In their lawsuit, the ACLU Foundation of Southern California and Asian Americans Advancing Justice — L.A. allege Fullerton's system for electing council members violates the California Voting Rights Act and blocks large segments of the community — especially Asian Americans — from having a voice in city government.
"Almost one in four eligible voters in Fullerton is Asian American, yet despite their sizable numbers, no Asian American currently serves on the City Council," said Deanna Kitamura, senior staff attorney at Asian Americans Advancing Justice — L.A.
She said Asian American candidates who enjoy support from the city's Asian community have consistently been defeated under the current at-large voting system. Fullerton, a city of nearly 140,000 people, is nearly 23% Asian.
City officials did not immediately respond to the lawsuit.
The lawsuit is similar to challenges in other Southern California cities that have become increasingly diverse yet continue to have at-large voting for City Council races.
The suit asks Fullerton to take steps toward creating council districts. Sandra Hernandez, ACLU SoCal's spokeswoman, said her group looked at what happened in Anaheim before filing suit.
In Anaheim, the largest city in the state to still have at-large voting, leaders agreed to put the matter on the ballot, but only after a lawsuit was filed alleging that the city was discriminating against those who live in its heavily Latino neighborhoods.
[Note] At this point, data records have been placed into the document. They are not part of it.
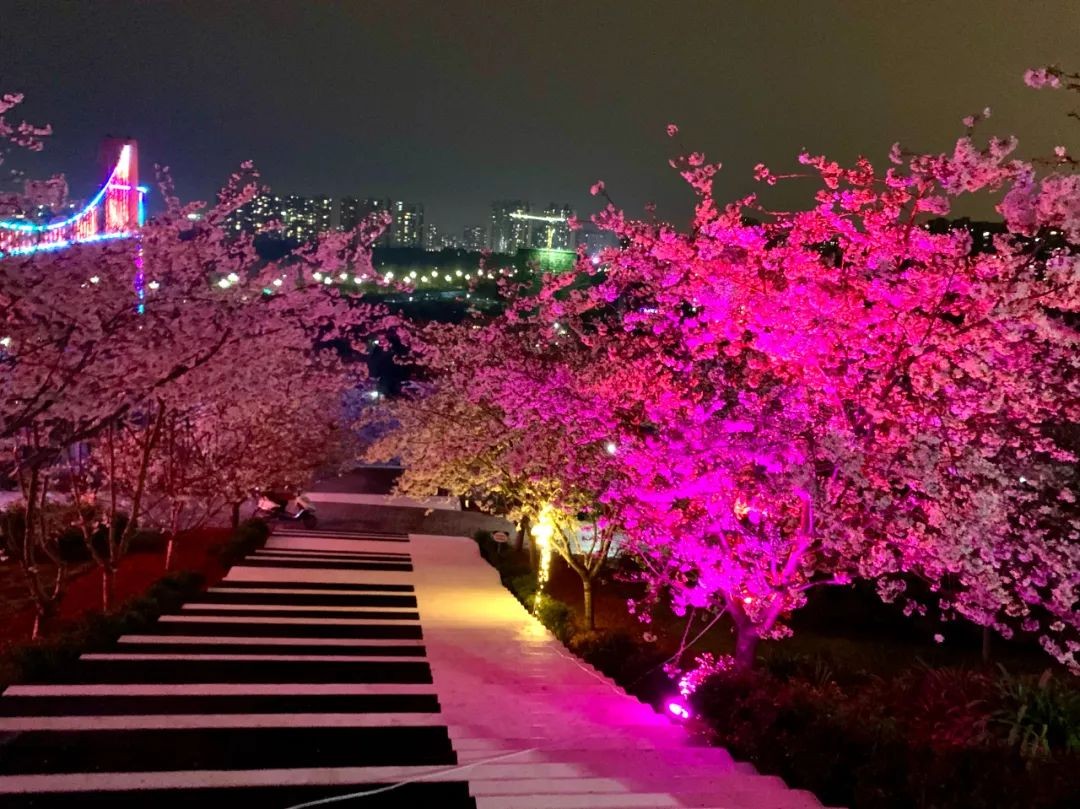 漫花庄园亿朵白樱花绚烂绽放啦，这些樱花的起源你真的知道吗？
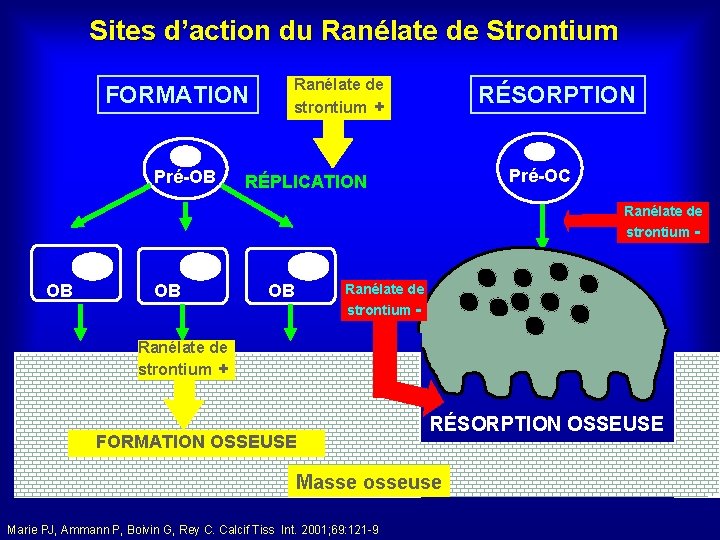 Sites d’action du Ranélate de Strontium FORMATION Pré-OB Ranélate de strontium + RÉSORPTION Pré-OC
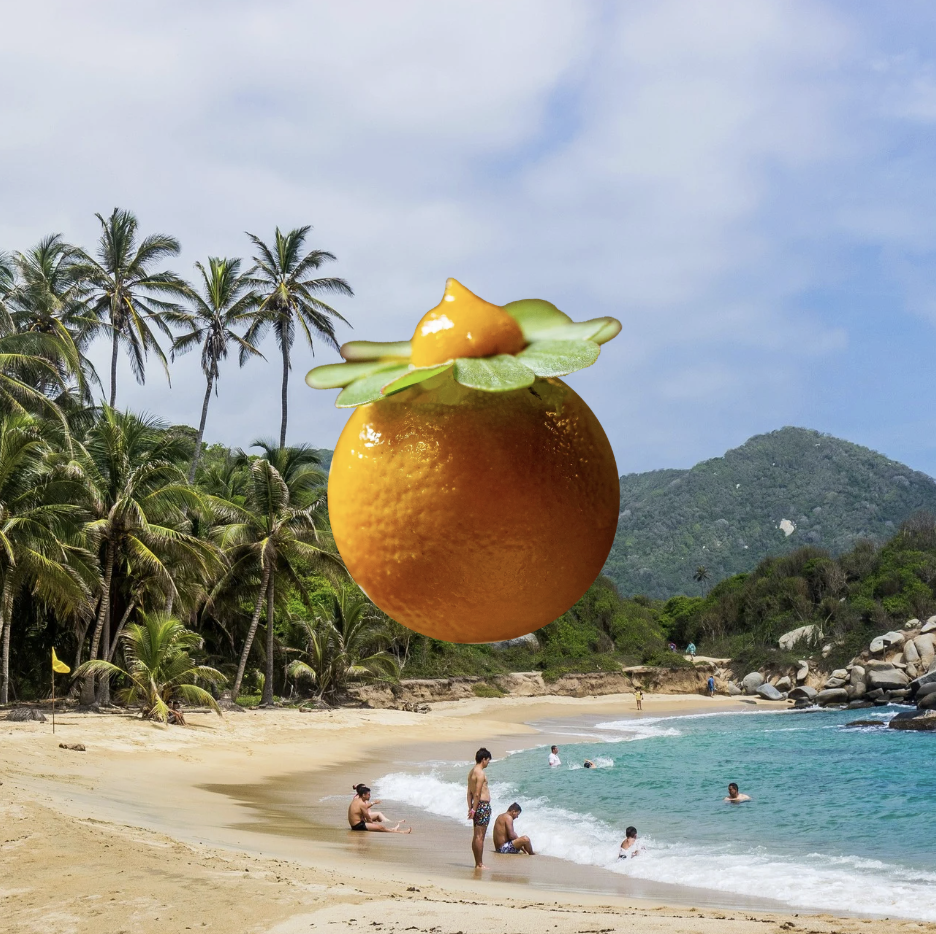 Paisajes comestibles: El Caribe de Celele en Nuema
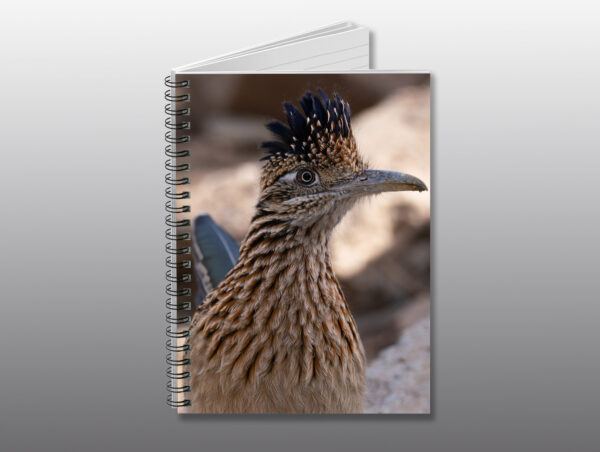 Roadrunner close up - Moment of Perception Photography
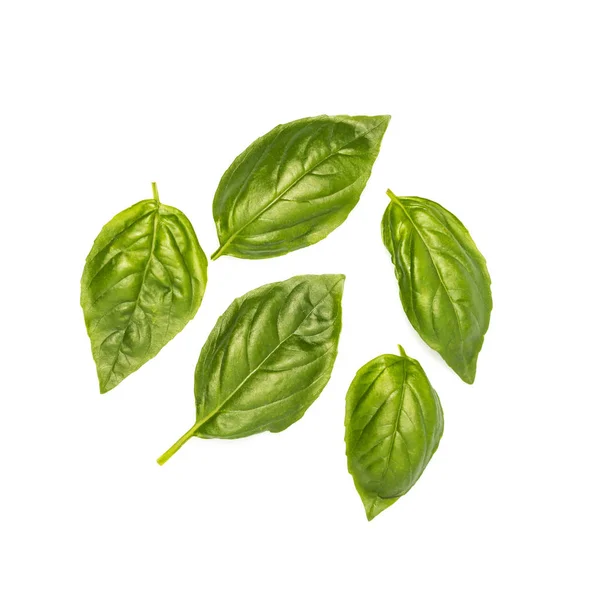 Composition of basil leaves — Stock Photo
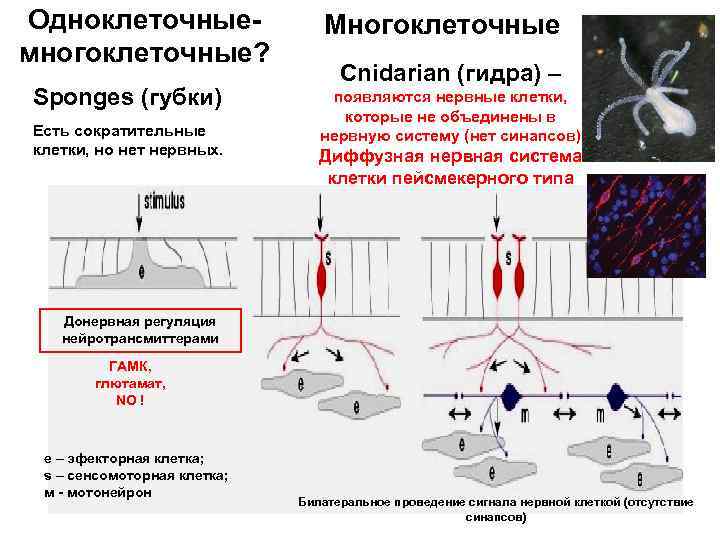 Одноклеточныемногоклеточные? Sponges (губки) Есть сократительные клетки, но нет нервных. Многоклеточные Cnidarian (гидра) – появляются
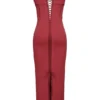 Romy Wine Mesh Bodycon Maxi Dress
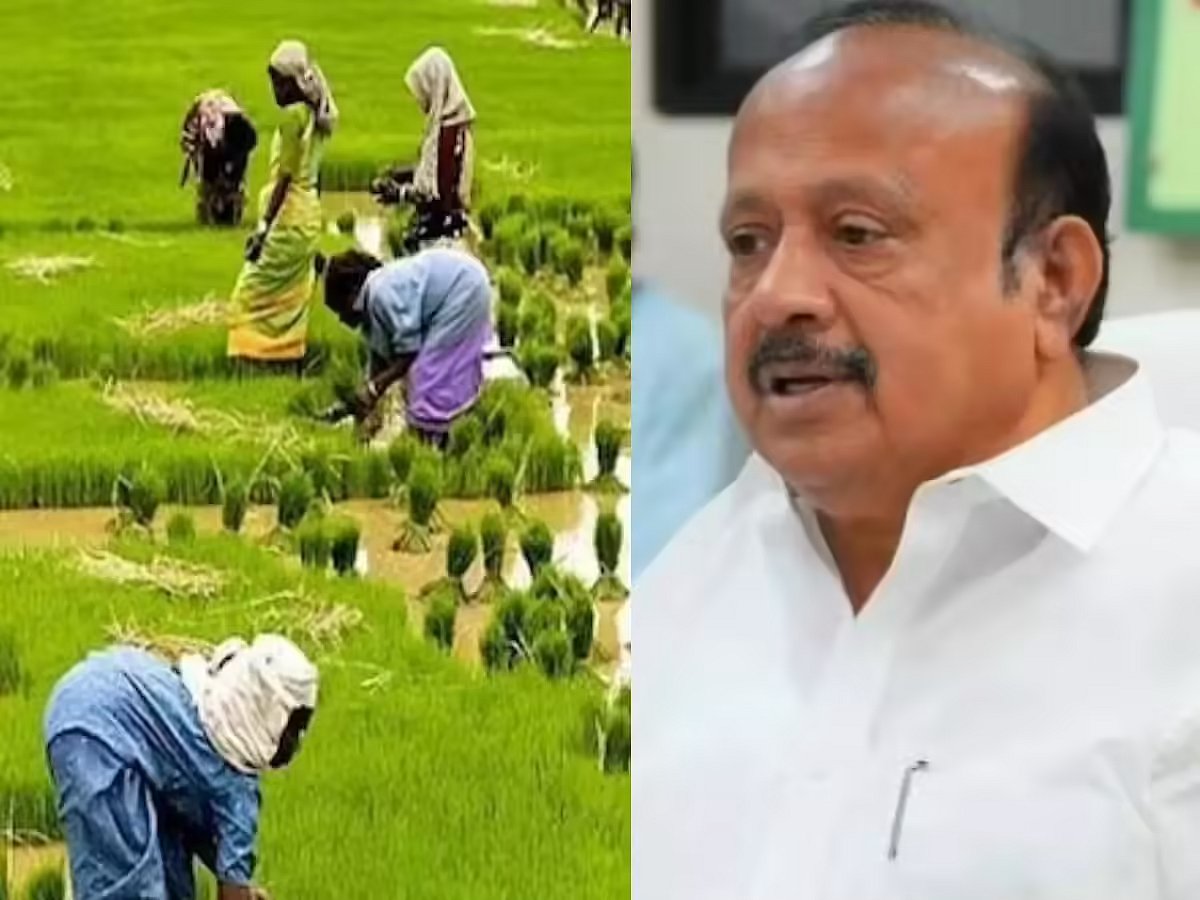 சம்பா நெற்பயிர் காப்பீட்டிற்கான காலவரம்பு நீட்டிப்பு... அமைச்சர் எம்.ஆர்.கே.பன்னீர்செல்வம் வேண்டுகோள்!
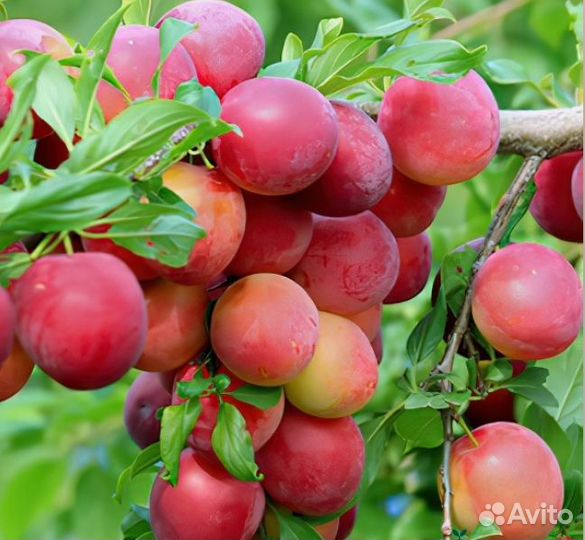 Алыча Кубанская комета, Царская Н1,5м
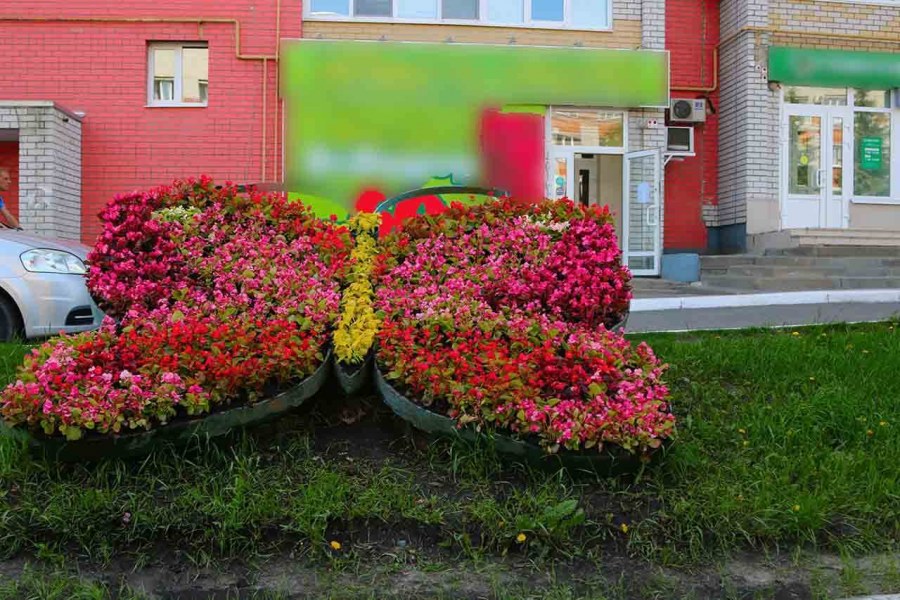 Клумба парк Победы Крестовский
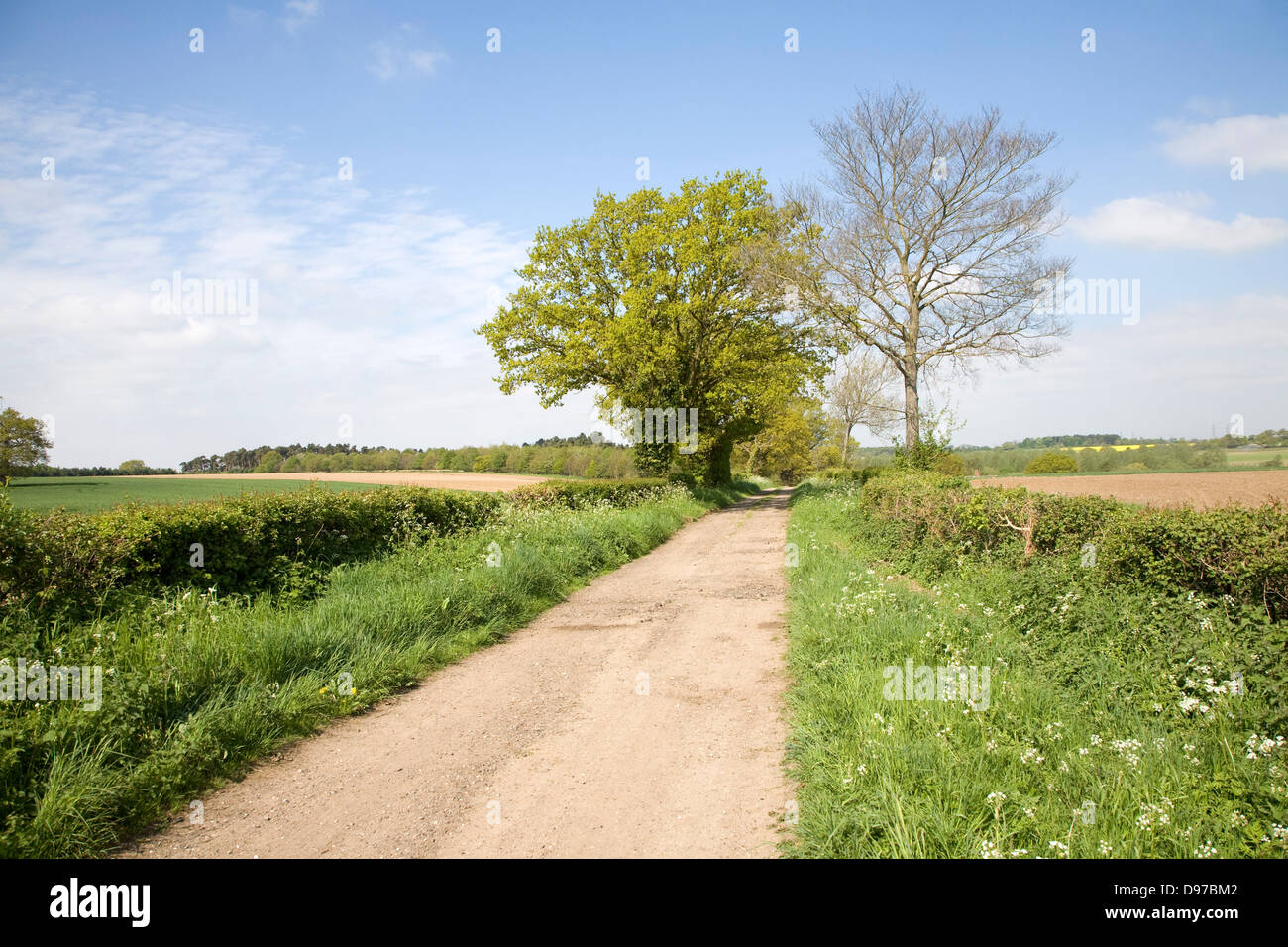 Spring seasonal landscape of quiet country lane and trees, Rendlesham, Suffolk, England Stock Photo
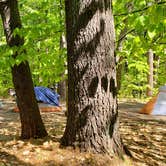 Review photo of White Lake State Park Campground by Jean C., June 10, 2019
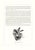1970s Large 1973 Orchid Flower Lithograph "Stanhopea Tigrina" (Tiger-Like Stanhopea) After James Bateman For Sale - Image 5 of 7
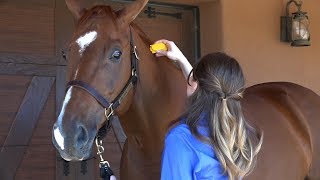 How to Use EquiSpot Insect Repellent for Horses [upl. by Notneiuq664]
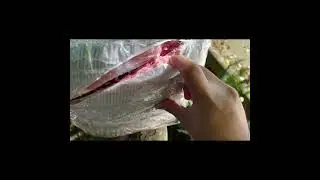 Falchion Severs 6 Ribs with 1 Cut, 100% Hand-Forged with Medieval Technology 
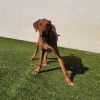 Frito photo 1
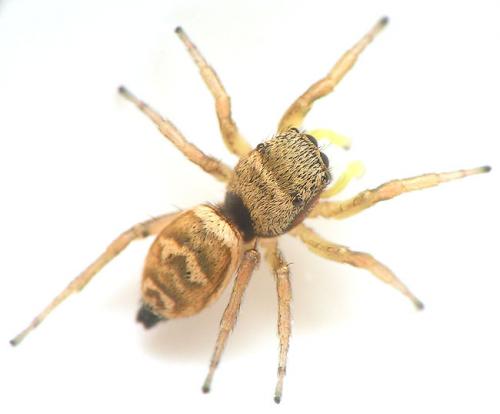 Heliophanus tribulosus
The city has a Latino majority, but its elected leaders have mostly been white.
After years of noisy protests and angry marches, Anaheim residents voted in favor of creating council districts.
In Glendale, voters this spring will be asked to decide whether the city should switch from an at-large voting system to individual districts under a plan approved by the City Council.
The Fullerton lawsuit was filed on behalf of Jonathan Paik, a 27-year-old resident and a coordinator at the Korean Resource Center.
"The struggle has been we've never been asked what we care about," Paik said. "We're working to hold elected officials accountable, to finally have them respond to our needs."
The California Voting Rights Act prohibits cities from imposing at-large elections that deny minority communities the opportunity to elect candidates of their choice or influence the outcome of elections.